[HN Gopher] Overflow in consistent hashing (2018)
       ___________________________________________________________________
        
       Overflow in consistent hashing (2018)
        
       Author : g0xA52A2A
       Score  : 68 points
       Date   : 2024-05-19 10:22 UTC (1 days ago)
        
 (HTM) web link (rmarcus.info)
 (TXT) w3m dump (rmarcus.info)
        
       | User23 wrote:
       | Anyone interested in consistent hashing should take a look at the
       | simpler and more general rendezvous hashing[1] too.
       | 
       | [1] https://en.m.wikipedia.org/wiki/Rendezvous_hashing
        
         | Snawoot wrote:
         | There is also Aggregated Rendezvous Hashing[1] available, which
         | kind of solves problem of growth of required calculations for
         | large numbers of nodes.
         | 
         | [1] https://github.com/SenseUnit/ahrw
        
           | vlovich123 wrote:
           | I used a different technique that seems to work well in
           | practice.
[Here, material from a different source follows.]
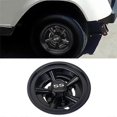 thumbnail image 5 of 1Pcs 8Inch Golf Cart Wheel Cover Cap 5 Spoke Design Hub Cap for Golf Cart Club Car, 5 of 5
Prehash the names of the nodes beforehand. Then
           | hash the key and combine the hashes using a much cheaper
           | algorithm [1]. You only need to do a single hash per key as
           | with consistent hashing and then a very fast O(n) operation
           | instead of a hash to find the optimal node. This does degrade
           | to an O(nlogn) sort if you need to find the N best nodes
           | instead of the single best node (e.g. to have a concept of
           | fallbacks that you hand off to the next link in the chain),
           | but I found that to not actually matter where I implemented
           | it (generally was routing on < 100 nodes total in the first
           | place).
           | 
           | [1] https://stackoverflow.com/a/27952689
        
         | T0pH4t wrote:
         | There is also jump consistent hashing
         | https://arxiv.org/pdf/1406.2294
        
       | kwillets wrote:
       | I believe this problem diminishes as the key count goes up.
        
         | RMarcus wrote:
         | Depends!
         | 
         | If you double the number of keys and you double the number of
         | bins (load factor stays constant), then the problem becomes
         | _much worse_ very quickly.
         | 
         | If you double the number of keys and you double the _size_ of
         | each bin (load factor stays constant), then the problem
         | diminishes as you suggest. BUT, larger bins are more sensitive
         | to changes in load factor.
         | 
         | The sibling comment (
         | https://news.ycombinator.com/item?id=40415826 ) does a good job
         | of summarizing how post-2018 systems handle this issue.
        
       | lucianbr wrote:
       | Aren't you supposed to use more buckets than nodes, with each
       | node hosting a number of buckets not all adjacent on the circle?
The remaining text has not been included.